Княжну Катерину не поймешь никак: то сидит она и по целым часам не говорит ни с кем ни слова, то вдруг вспыхнет вся, глаза загорятся, она оживится и смеется, и шутит, и забавляет императора, поет ему, играет с ним в карты. Перед отъездом на эту последнюю охоту написала она письмо Миллезимо, письмо, облитое слезами. Писала ему, что если теперь не спасет он ее, она, верно, погибнет, что он должен, не мешкая, явиться и увезти ее из дому. Прошел день, другой, ответа никакого не было от Миллезимо, и вот увезли ее на Сетунь. Оставаясь одна, в тишине своей спальни, часто плачет она и ломает руки.
«Нет, видно, не любит он меня, не сумел спасти вовремя. И что это за человек, Боже мой! Что за человек? Это тряпка какая‑то! Не любить, а презирать мне его надо. Да и разлюблю, и возненавижу его, и назло ему сделаю все!»
Но вспоминает она молодого графа, вспоминает каждое его слово и каждый взгляд его. Как наяву повторяются перед нею детски–невинные и бесконечно–милые часы тихого с ним свидания, и чувствует княжна, что не может презирать его, что не может ненавидеть. Любит его ее сердце. И опять она плачет и все ждет — не будет ли ей как‑нибудь сюда весточки от милого друга. Нарочно часто выходит она на дорогу; думает, вот явится, вот увезет ее и спрячет так, что никто никогда их не сыщет. Но никто ее не увозит. Ее зовут к императору, а тот просит поиграть с ним в карты, и она садится, и со злобы на своего милого начинает кокетничать с Петром, нежно на него глядеть, сладко ему улыбаться. В иные минуты приходит ей и такая мысль:«а что же, в самом деле, разве дурно быть царицей? Вот тогда‑то будет своя воля; вот тогда‑то никто и пикнуть предо мною не посмеет; над всеми я буду властвовать. Отец сердитый да грозный руки у меня целовать будет!»

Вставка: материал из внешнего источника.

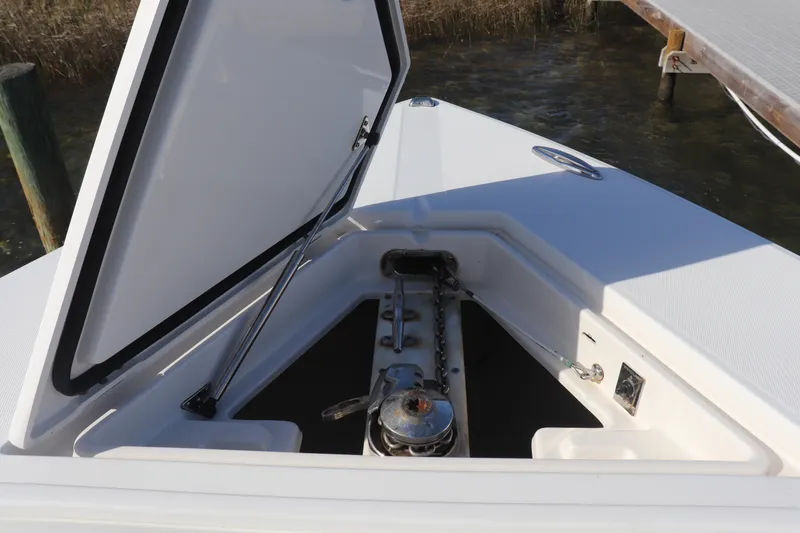 Slide: The Image of Open anchor compartment on 2013 Jupiter 30 boat, showcasing storage and mechanism. - 5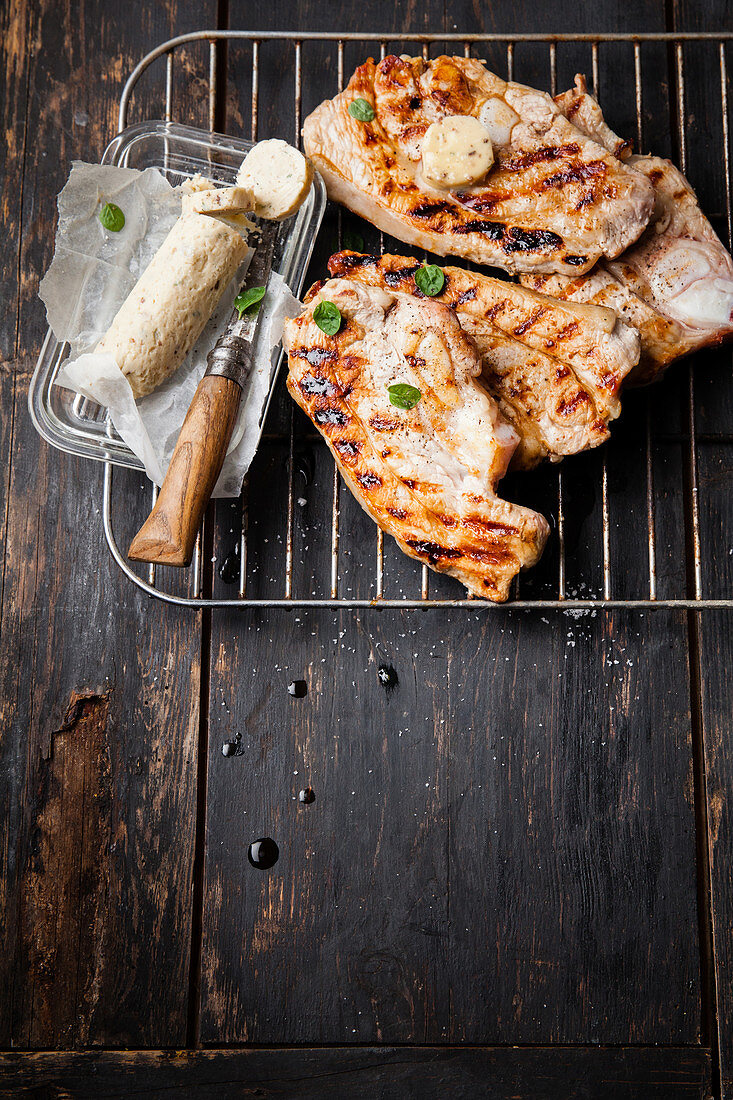 Grilled leg of lamb in slices on a grill rack with anchovy butter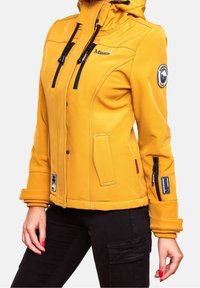 Veste jaune avec capuche, fermeture éclair à l'avant et accents noirs. Comprend plusieurs poches et détails de logo sur les manches. Tissu doux et texturé.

А тем временем Алексей Григорьевич доделывает свое дело. Все средства, даже самые непозволительные, употребляет он, чтобы заставить императора сделать предложение Катюше: нескромные речи о ней заводит, восхваляет красоту ее, все ее прелести. Император уже давно перестал быть ребенком, он уже давно привык ценить красоту женскую и нуждаться в ее близости, а тут никого нет, кроме княжны Катюши, и чуть не каждую минуту ему говорят о ней… И совсем бессознательно начинает в нее вглядываться император. Ему еще и в голову не приходит мысль о возможности брака с нею, но он уже видит в ней хорошенькую девушку и начинает понимать и чувствовать, что стоит ему только протянуть руки к ней, чтобы взять ее. Его уже приучили не церемониться; за обедами и ужинами Алексей Григорьевич собственноручно подливает ему вина крепкого, и мутится голова у бедного юноши. Совсем пришла ему погибель, никто не сжалится над ним, ни одной родной души вокруг нет.